EXERCISE REQUIREMENTS: Verbatim output of the lines below is required, with the images omitted.

RECORDED INFORMATION:
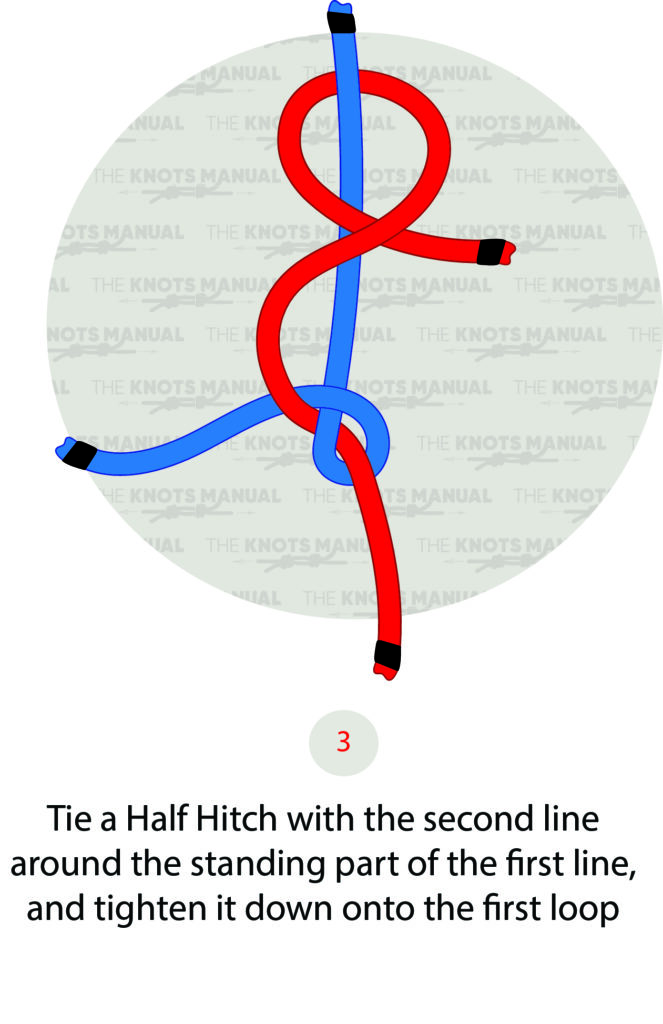 Illustrated Guide How to Tie the Harness Bend Knot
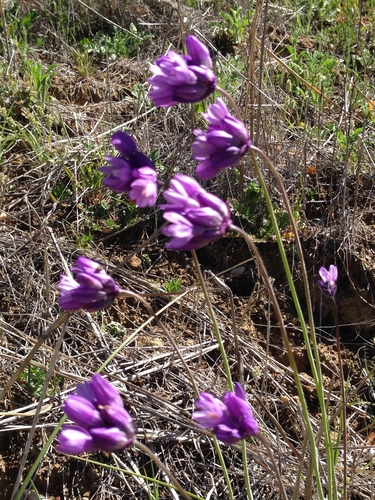 iNaturalist observation photo of blue dicks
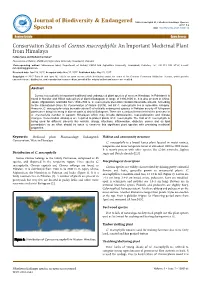 Conservation Status of Cornus Macrophylla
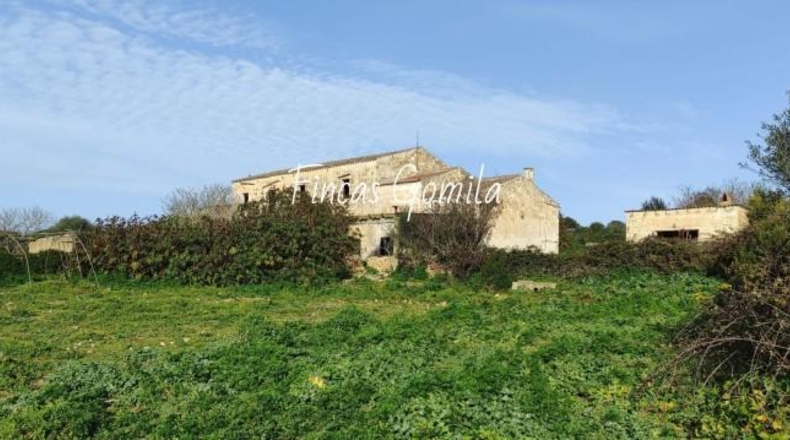 Islas Baleares - Alaior - 420000m2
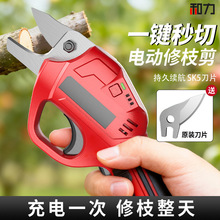 늄Ӽ������ʽ�����@�ֹ�����֦���늘�֦늼��Ӽ�֦����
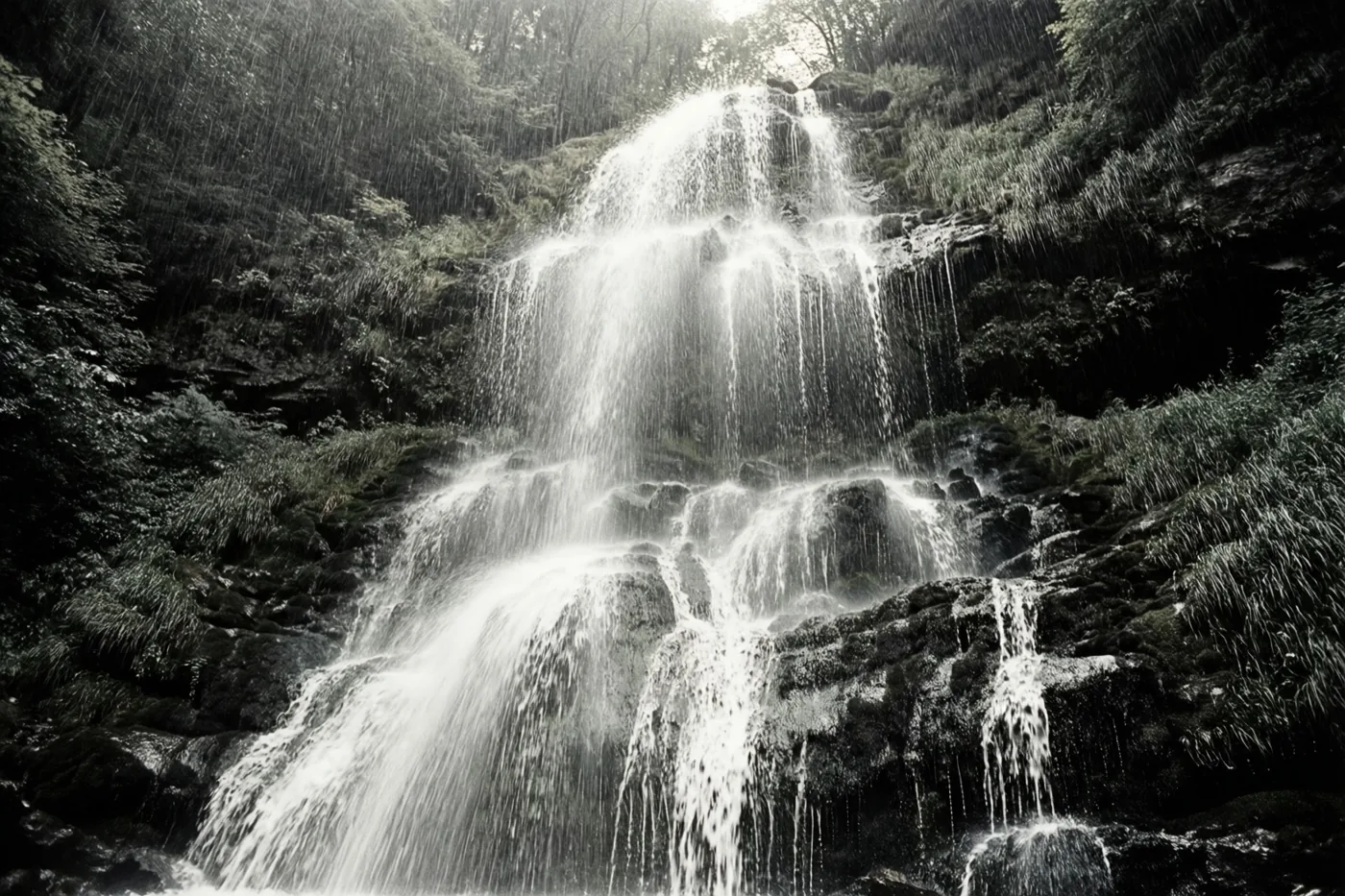 Een waterval stroomt tijdens de regen over bemoste rotsen in een dicht bos, weergegeven in zwart-wit.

SOLUTION:
 Illustrated Guide How to Tie the Harness Bend Knot
 iNaturalist observation photo of blue dicks
 Conservation Status of Cornus Macrophylla
 Islas Baleares - Alaior - 420000m2
 늄Ӽ������ʽ�����@�ֹ�����֦���늘�֦늼��Ӽ�֦����
 Een waterval stroomt tijdens de regen over bemoste rotsen in een dicht bos, weergegeven in zwart-wit.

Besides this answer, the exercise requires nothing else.